Credit: European Space Agency

3D printing continues to be one of the most promising technologies to deliver humanity its first permanent moon base. Cost and materials tend to be major stumbling blocks, but the use of 3D printers by London-based Foster + Partners addresses both hurdles.

You see, nearly the entire surface of the Moon is made up of a substance called regolith. And regolith, it turns out, is quite useable as a building material. It naturally provides protection against meteorites, gamma radiation and the Moon's temperature fluctuations. 

As an added bonus, regolith exists on Earth as well.
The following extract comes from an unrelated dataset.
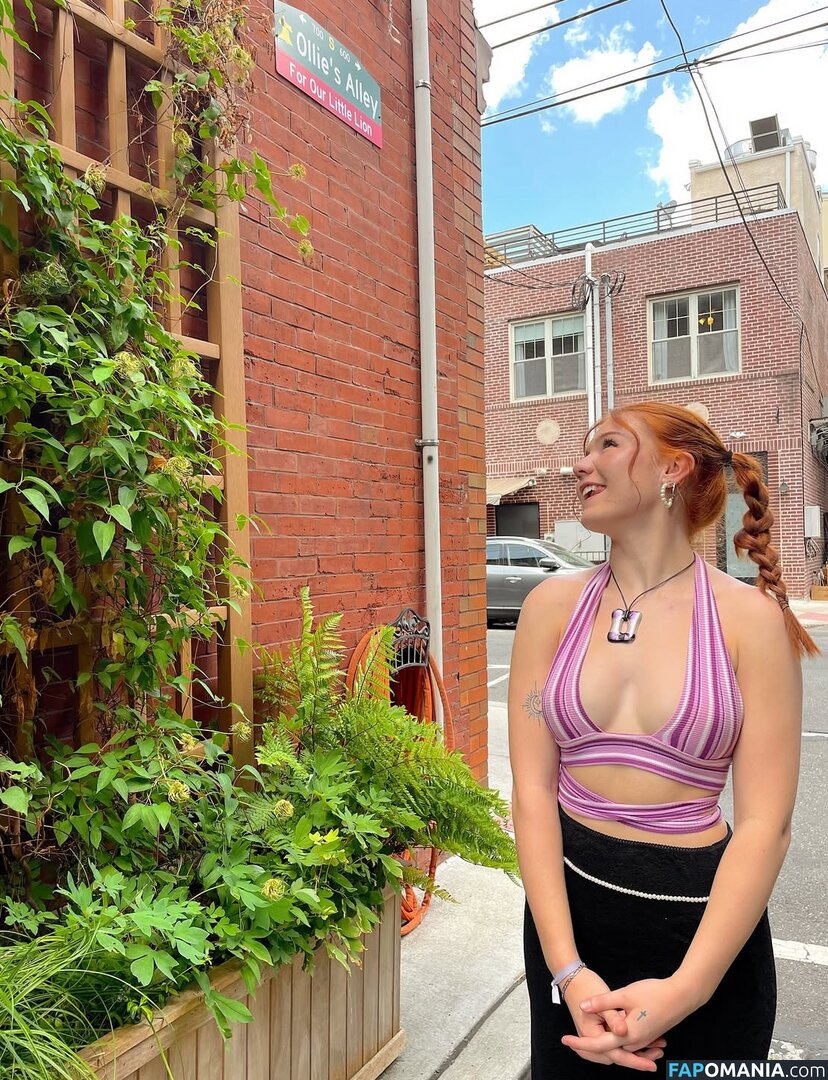 Abby.kkennedy / abbykkennnedy Nu OnlyFans  Foto vazada #6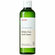 Manyo Factory Bifida Cica Herb Toner Успокаивающий тонер с растит...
This has given the Foster + Partners team the ability to test their 3D printers here before they just go shooting them off to the Moon. A 1.5-ton mockup of the facility has already been created, along with some small-scale tests within a vacuum chamber. 

Here's how the printing process goes down: a tubular capsule, housing the printer, lands on the moon. Then an inflatable dome extends from one end of the capsule, giving the moon base its basic shape. Next a robot wakes up — yeah, there's a robot (pictured in our gallery below) — and begins to operate the 3D printer. The printer works regolith into a foam-like substance and prints the material evenly over the inflatable dome, creating a solid, protective shell. The result is a moon base capable of housing four people.

Now, 3D printing is already one of our favorite technologies here at DVICE. We love it so much that even if all 3D printers did was print more 3D printers, we'd be satisfied. That said, we'd be even more excited about having realized our dreams of 3D-printed housing and lunar colonies. Consider us on the waiting list.